PyTorch implementation of a Self-Organizing Map. The implementation makes possible the use of a GPU if available for faster computations. It follows the scikit package semantics for training and usage of the model. It also includes runnable scripts to avoid coding.
Example of a MD clustering using quicksom
:
The SOM object requires PyTorch installed.
It has dependencies in numpy, scipy and scikit-learn and scikit-image. The MD application requires pymol to load the trajectory that is not included in the dependencies
To set up the project, we suggest using conda environments. Install PyTorch and run :
pip install quicksom
The SOM object can be created using any grid size, with a optional periodic topology. One can also choose optimization parameters such as the number of epochs to train or the batch size
To use it, we include three scripts to :
- fit a SOM
- to optionally build the clusters manually with a gui
- to predict cluster affectations for new data points
$ quicksom_fit -h
usage: quicksom_fit [-h] [-i IN_NAME] [--pdb PDB] [--select SELECT]
[--select_align SELECT_ALIGN] [-o OUT_NAME] [-m M] [-n N]
[--periodic] [-j] [--n_epoch N_EPOCH]
[--batch_size BATCH_SIZE] [--num_workers NUM_WORKERS]
[--alpha ALPHA] [--sigma SIGMA] [--scheduler SCHEDULER]
optional arguments:
-h, --help show this help message and exit
-i IN_NAME, --in_name IN_NAME
Can be either a .npy file or a .dcd molecular dynamics
trajectory.
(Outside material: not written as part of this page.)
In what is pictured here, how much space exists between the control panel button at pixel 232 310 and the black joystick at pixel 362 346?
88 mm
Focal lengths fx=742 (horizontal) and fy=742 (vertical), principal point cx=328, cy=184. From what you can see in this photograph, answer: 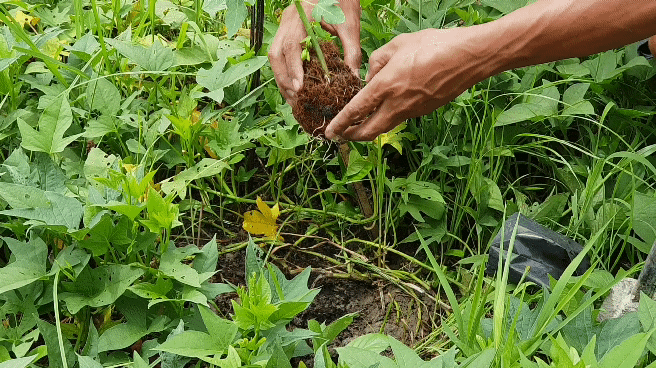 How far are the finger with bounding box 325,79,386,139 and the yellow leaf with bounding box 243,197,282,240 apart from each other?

If you are providing a .dcd file, you
should also provide a PDB and optional selections.
--pdb PDB (optional) If using directly a dcd file, we need to add a PDB for
selection
--select SELECT (optional)
Atoms to select
--select_align SELECT_ALIGN (optional)
Atoms to select for structural alignment
-o OUT_NAME, --out_name OUT_NAME
name of pickle to dump
-m M, --m M The width of the som
-n N, --n N The height of the som
--periodic if set, periodic topology is used
-j, --jax To use the jax version
--n_epoch N_EPOCH The number of iterations
--batch_size BATCH_SIZE (optional)
The batch size to use
--num_workers NUM_WORKERS (optional)
The number of workers to use
--alpha ALPHA (optional)
The initial learning rate
--sigma SIGMA (optional)
The initial sigma for the convolution
--scheduler SCHEDULER (optional)
Which scheduler to use, can be linear, exp or half
You can also use the following two scripts to use your trained SOM.
$ quicksom_gui -h
$ quicksom_predict -h
The SOM object is also importable from python scripts to use directly in your analysis pipelines :
import numpy
from quicksom.som import SOM
# Get data
X = numpy.load('contact_desc.npy')
# Create SOM object and train it, then dump it as a pickle object
m, n = 100, 100
dim = X.shape[1]
n_epoch = 5
batch_size = 100
som = SOM(m, n, dim, n_epoch=n_epoch)
learning_error = som.fit(X, batch_size=batch_size)
som.save_pickle('som.p')
# Usage on the input data, predicted_clusts is an array of length n_samples with clusters affectations
som.load_pickle('som.p')
predicted_clusts, errors = som.predict_cluster(X)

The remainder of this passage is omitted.